Give the entries again exactly; drop the pictures.

LISTED ENTRIES:
-- -- --
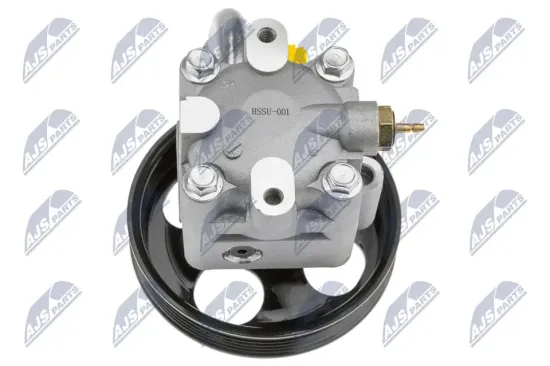 Hydraulikpumpe, Lenkung NTY SPW-SU-001 Bild Hydraulikpumpe, Lenkung NTY SPW-SU-001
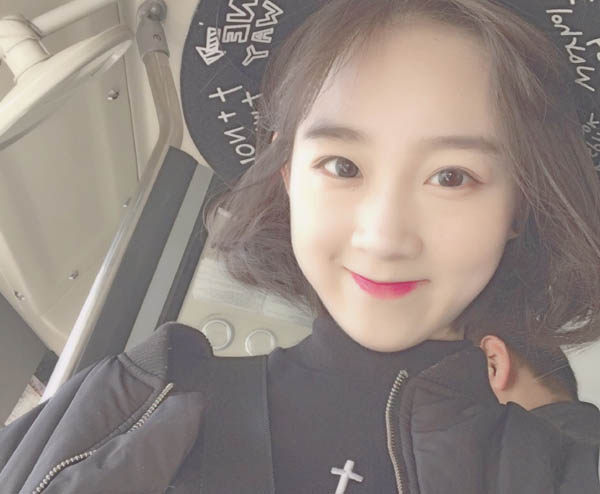 李子璇为什么没有出道 创造101从B级到C位或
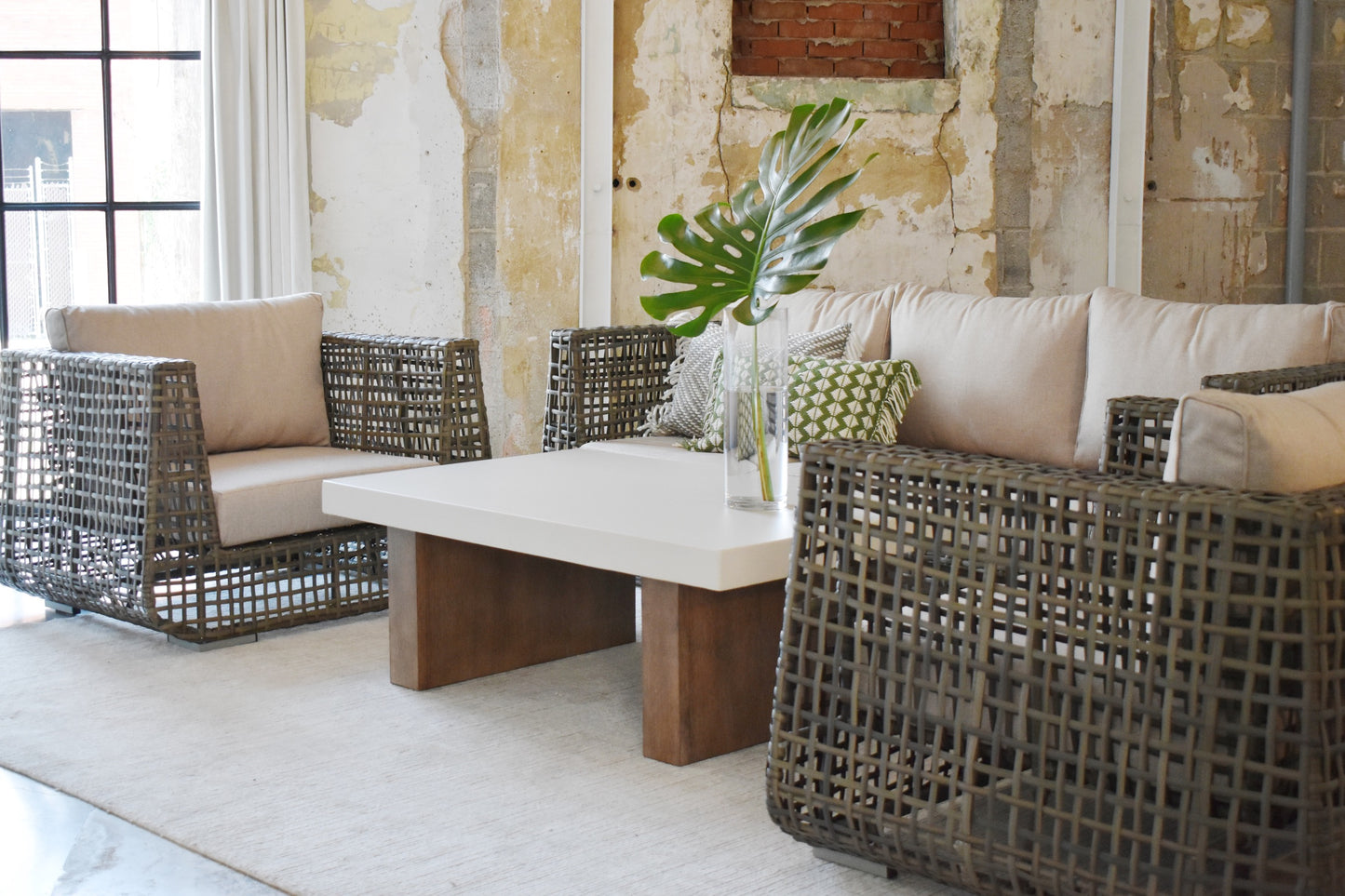 Nola Sofa - 25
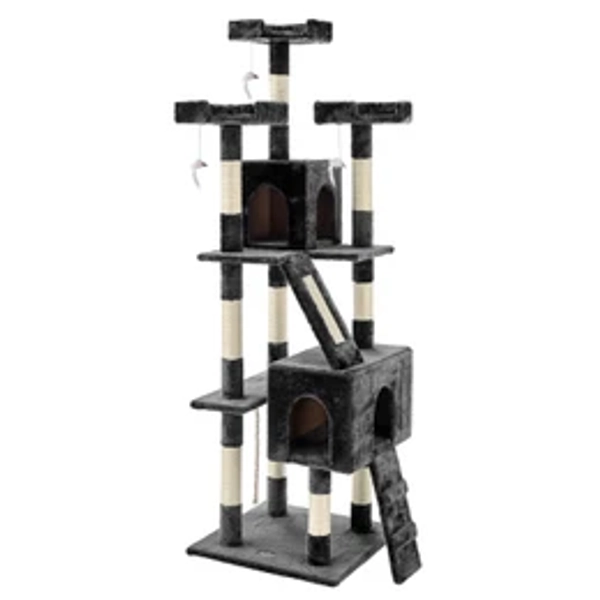Large Cat Tree - 182cm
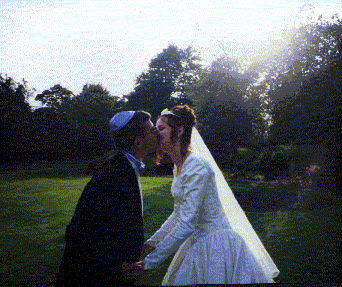 The Wedding Photo.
-- -- --
RESULT OF THIS EXERCISE:
 Hydraulikpumpe, Lenkung NTY SPW-SU-001 Bild Hydraulikpumpe, Lenkung NTY SPW-SU-001
 李子璇为什么没有出道 创造101从B级到C位或
 Nola Sofa - 25
Large Cat Tree - 182cm
 The Wedding Photo.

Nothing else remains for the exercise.